Wedoany.com Report-Nov 5, The Canadian government released draft regulations on Monday that would cap emissions of greenhouse gases from the oil and gas sector at 35% below 2019 levels by 2030, drawing condemnation from the industry that said it will force a production cut.
Oil and gas is Canada's highest-polluting industry and its emissions continue to rise, undercutting progress in many other parts of the economy.

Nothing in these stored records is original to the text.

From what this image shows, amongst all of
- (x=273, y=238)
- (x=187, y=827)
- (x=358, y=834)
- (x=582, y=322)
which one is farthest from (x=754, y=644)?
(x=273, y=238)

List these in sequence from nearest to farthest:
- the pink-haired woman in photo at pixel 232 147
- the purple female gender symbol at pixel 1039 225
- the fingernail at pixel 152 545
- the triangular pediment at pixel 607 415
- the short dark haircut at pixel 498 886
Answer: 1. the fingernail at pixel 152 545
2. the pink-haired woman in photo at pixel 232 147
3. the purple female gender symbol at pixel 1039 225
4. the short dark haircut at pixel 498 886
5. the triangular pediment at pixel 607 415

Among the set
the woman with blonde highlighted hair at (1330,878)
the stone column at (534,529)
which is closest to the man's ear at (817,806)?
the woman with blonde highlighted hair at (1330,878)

Ottawa will likely fall short of its commitment to reduce emissions by 40-45% from 2005 levels by 2030 unless the oil and gas sector intensifies efforts to decarbonize.
Federal Environment Minister Steven Guilbeault said the sector's profits hit C$66.6 billion ($47.95 billion) in 2022 and the government wants to motivate producers to invest those profits in decarbonization.

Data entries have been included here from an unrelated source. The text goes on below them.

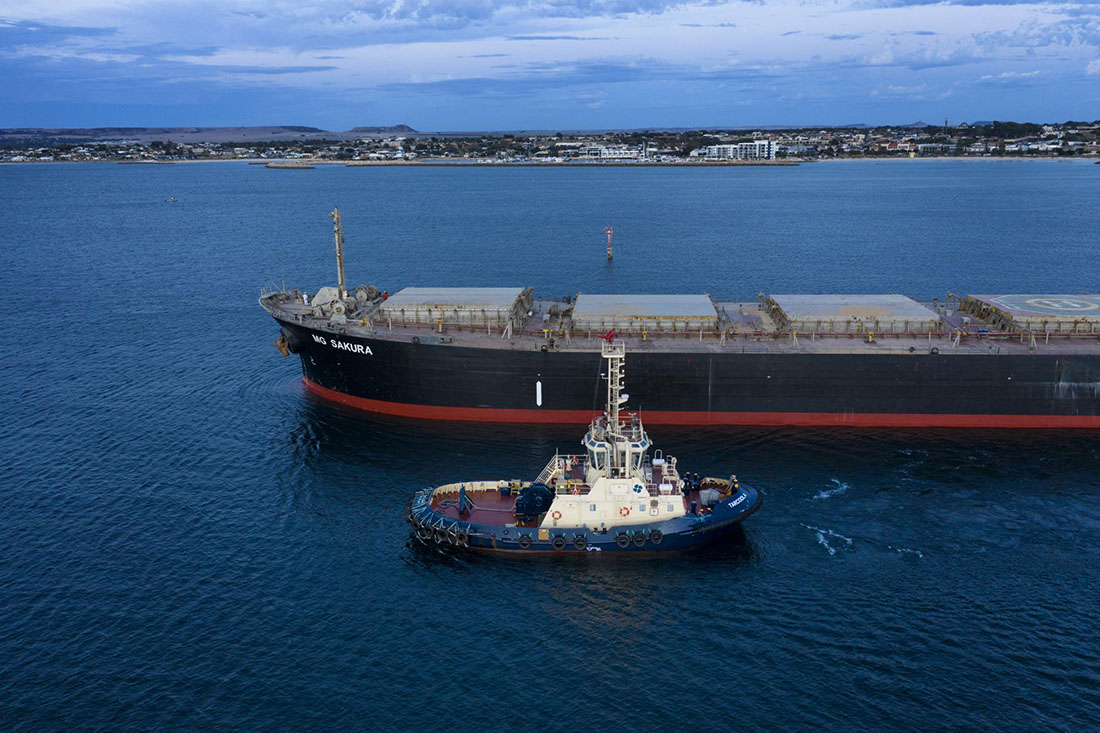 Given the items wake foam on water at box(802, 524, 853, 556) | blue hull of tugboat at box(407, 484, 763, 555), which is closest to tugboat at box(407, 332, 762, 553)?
blue hull of tugboat at box(407, 484, 763, 555)

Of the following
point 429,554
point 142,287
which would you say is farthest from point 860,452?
point 142,287

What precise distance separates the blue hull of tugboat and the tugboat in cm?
5

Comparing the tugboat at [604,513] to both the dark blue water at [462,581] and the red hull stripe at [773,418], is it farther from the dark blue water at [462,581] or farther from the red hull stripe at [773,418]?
the red hull stripe at [773,418]

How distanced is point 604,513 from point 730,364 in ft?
58.1

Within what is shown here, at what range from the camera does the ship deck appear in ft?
168

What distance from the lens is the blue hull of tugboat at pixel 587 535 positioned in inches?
1439

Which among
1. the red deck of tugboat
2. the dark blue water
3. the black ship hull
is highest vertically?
the black ship hull

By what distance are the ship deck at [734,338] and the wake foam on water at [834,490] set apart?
10180mm

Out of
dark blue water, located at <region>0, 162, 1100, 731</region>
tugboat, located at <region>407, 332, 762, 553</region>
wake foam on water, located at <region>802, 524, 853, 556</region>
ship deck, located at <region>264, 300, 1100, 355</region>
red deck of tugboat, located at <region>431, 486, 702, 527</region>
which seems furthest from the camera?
ship deck, located at <region>264, 300, 1100, 355</region>

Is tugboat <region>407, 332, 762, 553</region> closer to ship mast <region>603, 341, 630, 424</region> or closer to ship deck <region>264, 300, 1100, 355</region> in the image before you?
ship mast <region>603, 341, 630, 424</region>

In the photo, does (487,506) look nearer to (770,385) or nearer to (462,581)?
(462,581)

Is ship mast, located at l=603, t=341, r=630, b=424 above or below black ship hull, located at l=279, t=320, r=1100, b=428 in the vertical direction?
above

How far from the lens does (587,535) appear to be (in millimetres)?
36562

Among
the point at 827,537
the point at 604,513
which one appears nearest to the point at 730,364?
the point at 827,537
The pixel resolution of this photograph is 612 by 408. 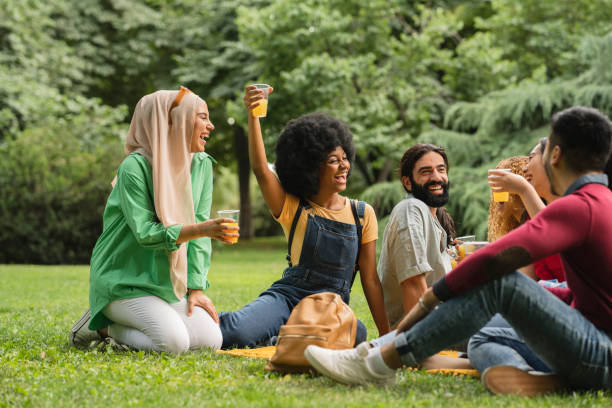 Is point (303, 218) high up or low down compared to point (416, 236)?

"This goes after pollution, not production," Guilbeault told a news conference. "We've worked carefully to develop what is technically feasible for the sector, to keep industry accountable to their own promise to be carbon neutral by 2050."

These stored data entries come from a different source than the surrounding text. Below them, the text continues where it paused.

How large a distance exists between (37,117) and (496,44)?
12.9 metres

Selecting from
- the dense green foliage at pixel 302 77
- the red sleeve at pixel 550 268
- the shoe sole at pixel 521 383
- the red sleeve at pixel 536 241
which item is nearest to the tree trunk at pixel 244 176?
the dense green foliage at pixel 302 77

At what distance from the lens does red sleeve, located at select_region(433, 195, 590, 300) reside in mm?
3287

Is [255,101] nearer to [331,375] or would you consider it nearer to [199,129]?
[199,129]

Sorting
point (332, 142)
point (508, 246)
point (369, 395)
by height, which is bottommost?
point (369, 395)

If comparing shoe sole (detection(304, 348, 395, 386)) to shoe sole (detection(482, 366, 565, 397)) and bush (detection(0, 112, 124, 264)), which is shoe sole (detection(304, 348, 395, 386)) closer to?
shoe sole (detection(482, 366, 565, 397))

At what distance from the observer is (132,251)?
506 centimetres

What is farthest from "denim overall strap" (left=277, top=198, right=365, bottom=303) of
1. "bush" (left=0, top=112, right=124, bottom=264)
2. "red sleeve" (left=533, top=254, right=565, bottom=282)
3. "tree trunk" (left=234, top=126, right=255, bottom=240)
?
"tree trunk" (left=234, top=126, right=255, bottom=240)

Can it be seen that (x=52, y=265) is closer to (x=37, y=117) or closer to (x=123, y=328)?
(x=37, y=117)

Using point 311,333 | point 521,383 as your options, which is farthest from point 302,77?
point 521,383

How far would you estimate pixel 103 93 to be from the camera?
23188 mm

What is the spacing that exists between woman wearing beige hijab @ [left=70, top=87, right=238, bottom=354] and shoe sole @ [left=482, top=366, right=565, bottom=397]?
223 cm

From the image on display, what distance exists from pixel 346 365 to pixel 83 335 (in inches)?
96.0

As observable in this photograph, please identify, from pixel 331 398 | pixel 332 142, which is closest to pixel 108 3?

Canada is the world's fourth-largest oil producer and sixth-largest natural gas producer.
Ottawa said oil and gas production is still expected to grow 16% from 2019 levels by 2030-2032 even with the emissions cap in place, and there would only be a 0.1% reduction in Canadian GDP as a result.
The regulations will create a cap-and-trade system designed to recognize better-performing companies and incentivize higher-polluting firms to make their production processes cleaner.
Producers will be required to start reporting their emissions from 2026, and the first three-year compliance period will run from 2030 to 2032. The government said it will develop penalties for producers that do not comply.
Most of the emissions reductions are expected to come from cutting methane pollution and a proposed oil sands carbon capture project, federal Natural Resources Minister Jonathan Wilkinson said.